Sunday 21 May 2006

Hybrid disk drives

Samsung have announced a hybrid hard disk for use with Windows Vista. The announcement is here http://www.samsung.com/PressCenter/PressRelease/PressRelease.asp?seq=20060517_0000255266

Basically, the disk just has more cache memory, 128MB or 256MB, but crucially, can use the cache as an extension of the hard disk as a staging area. This allows (dependent on traffic type) for the hard disk to be left spun down for longer periods. Samsung are pitching the device as offering benefits to laptops and to reduce boot speeds for Windows systems.

That's all great for Windows, but what about wider usage? It seems to me that the benefit of having a larger more intelligent cache is great for a PC based operating system where the working set of data on a large disk may only be a few hundred megabytes.

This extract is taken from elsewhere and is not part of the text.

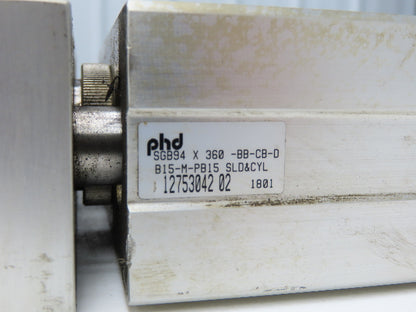 PHD SGB94X360BBCBDB15MPB15 Linear Guided Pneumatic Air Cylinder 360mm Stroke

Larger systems will probably have access profiles of more random read/write or even significant sequential access.

It may be that with intelligent microcode, midrange and enterprise arrays can benefit from the ability to leave devices spun down, potentially saving power and cooling. That would be a great benefit in today's datacentres.

Thursday 18 May 2006

The Case for 10Gb/s

Fibre channel storage speeds are now up to 10Gb/s as I'm sure we're all aware. Brocade, McDATA and Cisco all have 4Gb/s products. Question is, are they really necessary?

Pushing a full 1 or 2Gb/s of data across a fibre channel connection at a sustained rate requires some decent processing power, so why move things on to 4 and 10? Well, 4Gb/s and 10Gb/s certainly prove useful as ISL connections. They reduce the number of ports required and subsequently the cabling. But with faster connections comes a price; cabling distance for multimode fibre drops significantly. Check it out here : http://storagewiki.brookend.dyndns.org/ow.asp?Fibre%5FChannel

So faster speeds yes, but shorter distances. Wasn't one of the benefits of fibre channel to remove us from the 25m SCSI cable restriction?

One other thing to bear in mind. If we start consolidating traffic into less but faster ISLs, I'd want to be very sure that the aggregation of traffic gives me adequate quality of service for each of the traffic types sharing the link. Cisco can do that; McDATA are talking about it; Brocade, not sure.

So what do I think, are the faster speeds necessary? Well, I can see the benefit of 4Gb/s for storage ports, less so for host ports. I can also see the limited benefit of using 10Gb/s for ISLs between locally placed switches, but I think that's where it ends for 4 & 10Gb/s. Hosts and storage systems can't push that degree of data around and switch backplanes can't move the data around either. So for me, 1/2Gb/s will be the norm, 4/10Gb/s will be for special occasions.

Tuesday 9 May 2006

Managing Hard Disk Capacities

It has been 50 years since the first hard disk drive was invented by IBM. It had a capacity of a mere 5MB. Contrast that today with the latest 500GB drive from Hitachi. In 50 years, that's an increase of 2000-fold capacity each year!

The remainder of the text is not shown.